Gin was waiting for Madeline Monroe, daughter of her nemesis Mab Monroe, to strike – it was almost a relief when she finally did so after so much waiting.
But she didn’t expect her to strike with lawyers and health inspectors and crooked cops. And she didn’t expect her to strike against her friends and family as well.
This is an entirely new threat – and one more dangerous in many ways than anything she has faced before.
After the last book I was conflicted – I was both excited about the Elemental Assassin series getting back on track with a new big bad and a new meta arc to pursue while at the same time leery that the new big bad – Madeline Monroe – was so much like the last big bad that we were going to tell the same story arc a second time. So I went into this book both full of hope and wariness
And hope won out. First of all, the attacks Gin faced were radically different from the kind of attacks that Mab through at her. Madeline doesn’t fight head on – she’s a planner, she’s cunning, she’s a schemer. She uses the organs of law and corruption to her own ends to attack Gin with paperwork, red tape and bribeable officials. She attacks Gin through a system she has constantly ignored and disdained and she attacked Gin through her friends.
It was a completely unique threat and something that brought a whole new lens to Ashland. We had always known the city was corrupt and, in some ways, it was almost ridiculously so – but it worked. This dark, gritty, incredibly corrupt setting is the perfect backdrop for Gin as an assassin – she works as a moral character because there’s not even a pretence of a justice system in this city. We got to see that this book through the lens of that corruption being directed against Gin, not just as a passive force refusing to do this job, but actively used as a weapon bringing down the vast power of the bureaucracy against Gin in a way she can’t just fight with her magic and weapons.
In many ways this makes Madeline a terrifying enemy – far more so than her mighty magic – her ability to plan, always thinking three or four steps ahead, always having a plan b or a plan c made her far more of a threat to Gin than any previous enemy with powerful magic and a large army of goons.
It also means Gin fights back in a more involved manner than just “I will sneak in and stab it until it does.” Instead she was very very cunning which I appreciated a lot
I also really liked that while Madeline did target Gin’s friends, we didn’t have the inevitable “oh you would all be better off without me” angst scene that is almost compulsory in Urban Fantasy. Gin knows how valuable she is to her friends, she knows she matters to them, she knows that their being targeted isn’t her fault – for that matter, after the events of the last 11 books, she knows they’d all be dead without her. More, she involves her friends in her plans to turn the tide because they are integral to her life and her success. Gin isn’t a lone hunter and she’s better for that – she has good friends, excellent friends, who have skills and capabilities that match Gin’s and are fully worthy of (and get) her respect.
On a pure childish glee front, this book also had one of those awesome turning points when you know People Who Deserve It are Going To Be Very Very Sorry and I don’t even care if it’s shallow, I love that moment.
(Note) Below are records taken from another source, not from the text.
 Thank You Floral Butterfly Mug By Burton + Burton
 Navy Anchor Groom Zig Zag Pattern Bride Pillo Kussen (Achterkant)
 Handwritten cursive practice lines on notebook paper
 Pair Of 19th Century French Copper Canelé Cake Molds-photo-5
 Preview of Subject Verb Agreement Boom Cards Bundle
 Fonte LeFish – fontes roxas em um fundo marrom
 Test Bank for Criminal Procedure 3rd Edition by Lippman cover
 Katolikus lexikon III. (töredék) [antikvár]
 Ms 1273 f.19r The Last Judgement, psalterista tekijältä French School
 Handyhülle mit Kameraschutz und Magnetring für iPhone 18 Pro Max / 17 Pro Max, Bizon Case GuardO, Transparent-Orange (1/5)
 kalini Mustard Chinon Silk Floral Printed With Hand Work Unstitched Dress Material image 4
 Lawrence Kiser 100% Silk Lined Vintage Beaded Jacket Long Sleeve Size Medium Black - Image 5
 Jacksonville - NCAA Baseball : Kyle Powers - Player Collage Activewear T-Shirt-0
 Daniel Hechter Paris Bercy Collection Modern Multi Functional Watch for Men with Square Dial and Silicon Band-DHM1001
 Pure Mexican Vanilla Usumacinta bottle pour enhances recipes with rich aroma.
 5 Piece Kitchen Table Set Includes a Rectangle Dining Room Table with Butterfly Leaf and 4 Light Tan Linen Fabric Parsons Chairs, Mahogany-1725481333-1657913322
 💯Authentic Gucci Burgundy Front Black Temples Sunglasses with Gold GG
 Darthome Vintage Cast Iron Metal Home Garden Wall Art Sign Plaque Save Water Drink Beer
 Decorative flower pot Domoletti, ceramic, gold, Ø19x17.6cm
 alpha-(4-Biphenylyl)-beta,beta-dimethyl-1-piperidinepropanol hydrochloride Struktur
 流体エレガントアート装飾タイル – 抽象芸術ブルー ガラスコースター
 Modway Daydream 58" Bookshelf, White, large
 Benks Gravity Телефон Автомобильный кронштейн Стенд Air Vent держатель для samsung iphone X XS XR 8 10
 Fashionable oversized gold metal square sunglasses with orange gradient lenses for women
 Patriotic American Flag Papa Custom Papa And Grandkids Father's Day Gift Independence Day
That moment when the protagonist takes off the gloves, metaphorically says “right, that’s it” and then epic follows.
The ending was also excellent in two main ways. The first was that it looked back on Gin’s life and the whole Snow vs Monroe family feud, how it began, how it continued and even made Gin look sympathetically back on Mab who tried to kill her as a child. It’s complex and nuanced and I really liked it. It also looks forward to something I mentioned in the last book – a shifting focus in the book towards the wider conditions in Southtown and the corruption rather than just an individual case. The book ends with Gin in a very new and very awkward position that demands she not just keep to herself any further – I really look forward to how this develops.
Now on to inclusion – we have some excellent points with a large number of skilled and diverse women in Gin’s friend group (Bria, Sophia, Jo-Jo, Roslyn – even Catalina and Violet) as well as among the powerful enemies. I can’t fault how the women are portrayed in this book.
On POC, we have a number of background side characters – but a large amount of Gin’s social group are also POC: Rolsyn, Xavier, Warren, Silvio, Catalina. Again, none of these characters I can fault for their portrayal… except for “screen” presence. Rosylun is probably the most prominent of them and she’s still a moderately minor member of the group – while Warren, Silvio, and Catalina are even more minor. When you look at Gin’s closest friends and the ones most involved with her: Owen, Finn, Bria, Jo-Jo, Sophia – they’re all White.
Silvio is also the book’s (the whole series for that matter) only LGBT portrayal-ish. I say “ish” because this is shaky: I know Silvio is gay or bisexual because of the last book. Because of a single line in the last book at that. It’s not exactly an impressive inclusion achievement.
This book has done a lot, with the past book, to revitalise the series for me. For a while now I’ve been worried about the series’ direction – or lack thereof – with a strong feeling it was spiralling down and that the horse being beaten here was well and truly dead. But now we have Gin in a new position, facing a new concept of enemies and quite possibly launching into an entirely new direction for her, her friends and the series itself. Maybe it’ll work, maybe not – but I’m excited to see it and in the meantime, Gin is still dishing out epic take downs with some excellent friends.